■ Activity: Go to the line with "We are here" in the entries below and write out every line from there through the line with "French Avenue Thunder", exactly and without pictures.

■ Data:
---------------

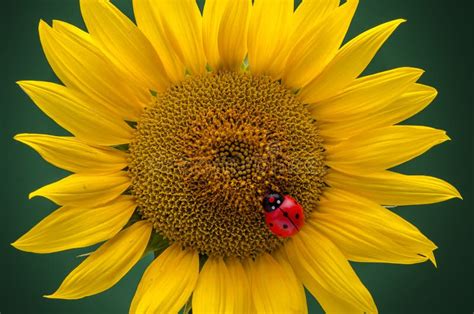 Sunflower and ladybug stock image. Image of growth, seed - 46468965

---------------

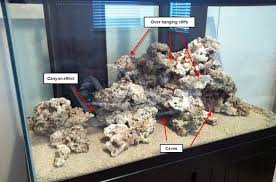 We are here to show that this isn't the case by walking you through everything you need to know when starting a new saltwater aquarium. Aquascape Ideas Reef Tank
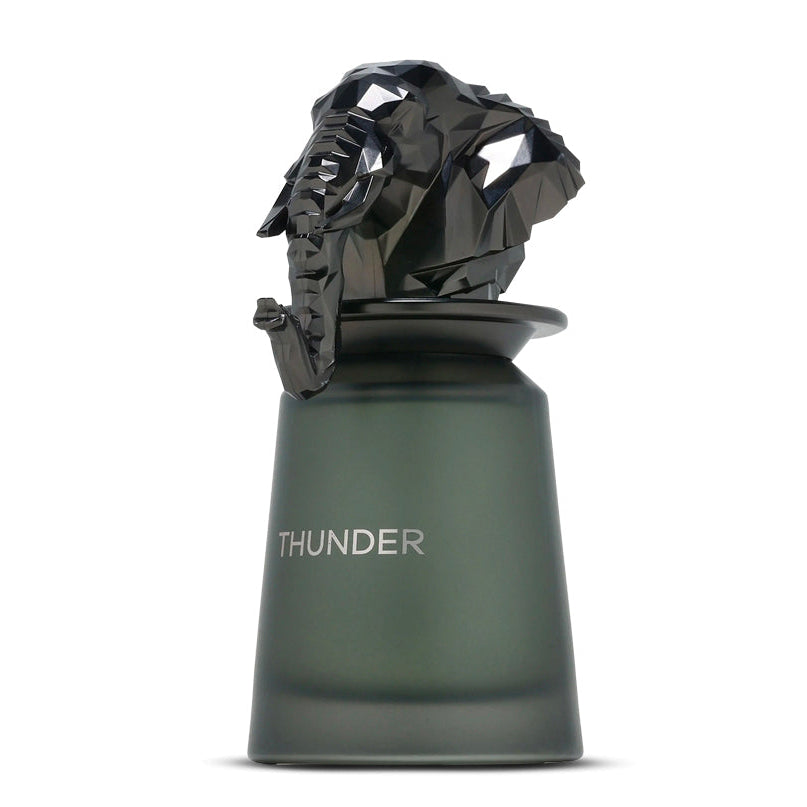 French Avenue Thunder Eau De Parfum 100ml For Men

---------------

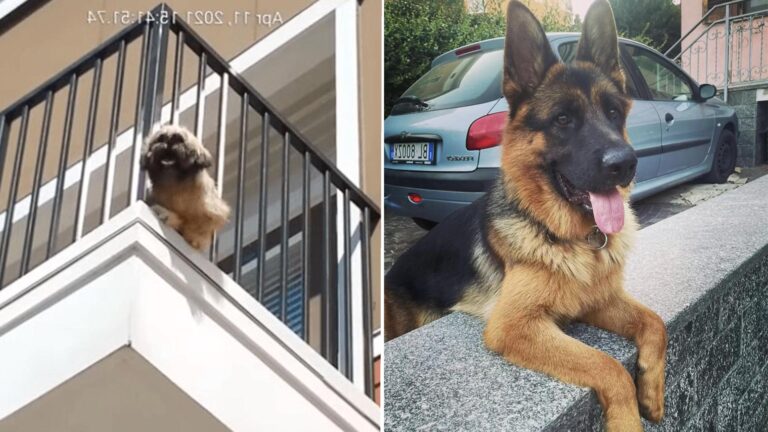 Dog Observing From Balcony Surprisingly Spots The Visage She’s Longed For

---------------

■ Response to this task:
 We are here to show that this isn't the case by walking you through everything you need to know when starting a new saltwater aquarium. Aquascape Ideas Reef Tank
 French Avenue Thunder Eau De Parfum 100ml For Men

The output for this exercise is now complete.